The solution to the problem of acid rain ended fish mortality in high-elevation Adirondack ponds, and it also ended Dukett’s employment as a contractor assigned to study a specific issue. But the newfound free time allowed him to turn his attention to baseball, his lifetime love.
That love had been dealt a blow in 1998 when Mark McGwire and Sammy Sosa mesmerized the nation with dueling home runs nightly, resulting in the shattering of Roger Maris’ single-season home record of 61. McGwire hit 70 that year and Sosa 66; Dukett writes that he celebrated the season by purchasing a commemorative card of McGwire’s 62nd home run from the QVC shopping channel.
But Dukett came to learn that he’d been had — not by QVC, but by McGwire, who along with Barry Bonds became the face of baseball’s steroid era. “We found out we’d been fooled, and a lot of us here hurt,” he said.
Out of the acid rain business, Dukett started wondering if there might be a mathematical way to right the ship, to subtract out all the shenanigans and create a metric that would put home run hitters on a level playing field.
Steroids are the most obvious example of home run inequity, but not the only one. Rule changes, like lowering the pitchers’ mound, can affect home run totals. So can juiced baseballs or the introduction of expansion teams that water down the pitching talent.
Dukett created a formula that assigns players a “Jacks score” by analyzing seasonal deviations among home run leaders. For example, in 1998, Bonds and Sosa weren’t the only ones hitting eye-opening numbers of homers.
That indicated that McGwire’s 70 homers weren’t quite as impressive as they seemed at first blush. It was later that baseball fans came to understand that this plethora of power was chemically fueled, but, under Dukett’s formula, it would have been apparent back in 1998 that “something” was amiss, even if no one yet knew what that something was.
By contrast, Jose Bautista hit 54 homers in 2010, a year that no one else even hit 40 — an achievement that was grossly overlooked in light of steroid-assisted totals. “We were like ‘ho-hum, he hit 54,’” Dukett said. “I thought there’s got to be a better way to make this mean something.”

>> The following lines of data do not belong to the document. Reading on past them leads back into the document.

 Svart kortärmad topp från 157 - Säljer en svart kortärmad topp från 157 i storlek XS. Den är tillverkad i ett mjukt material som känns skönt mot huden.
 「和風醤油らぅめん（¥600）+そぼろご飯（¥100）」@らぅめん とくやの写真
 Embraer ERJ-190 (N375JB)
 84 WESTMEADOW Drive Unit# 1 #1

“Jacks” recognizes Babe Ruth as the greatest of all time, but the book focuses more on the modern, post-1960 era. An admitted Yankees fan and admirer of good guys, Dukett speaks fondly of Roger Maris (even though the man who broke Ruth’s single-season homer record doesn’t do particularly well under Dukett’s system) and Ken Griffey Jr., who had the misfortune of playing in the era of McGwire and Sosa.

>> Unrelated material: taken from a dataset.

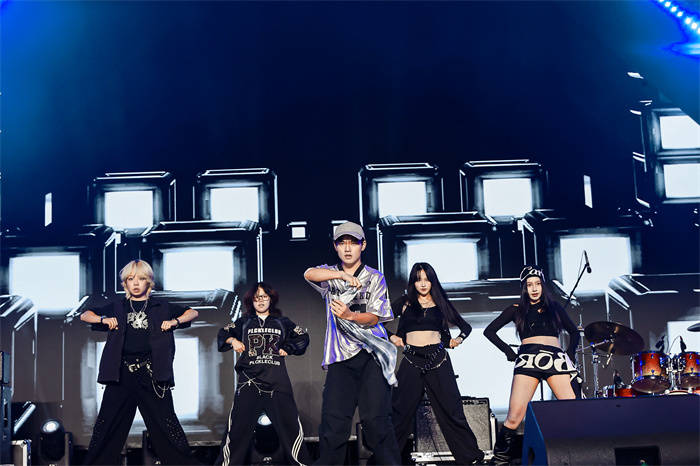 活力唱响青春经济<strong></p>
<p>比特现金行情</strong>，第四届青春上海大学生音乐节绽放南上海科创中心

JOIN A COMMUNITY OF PEOPLE WHO SUPPORT ADIRONDACK JOURNALISM
Dukett’s system shows that, even subtracting out the steroid dividend, the top home run hitters were still very good. Barry Bonds, the current single-season home run leader with 73, held the modern-era Jacks score following his 2001 season, followed by McGwire’s 1998 season.
To restore equilibrium in the game in his mind, some slugger would have to beat Bonds and McGwire, Duquett wrote. Bautista came close, but just missed. A hero finally arrived in the unlikely form of Chris Davis, who hit 53 taters for the Baltimore Orioles in 2013, putting his Jacks score just ahead of Bonds.
But as if to prove nothing is ever simple, Davis was later suspended for using amphetamines, a common drug in 20th century clubhouses.
Both were surpassed by Aaron Judge, whose 62-homer season last year is viewed by some purists as the real single-season (non-steroid assisted) season. For Dukett, Judge had indeed meted out some long-overdue justice.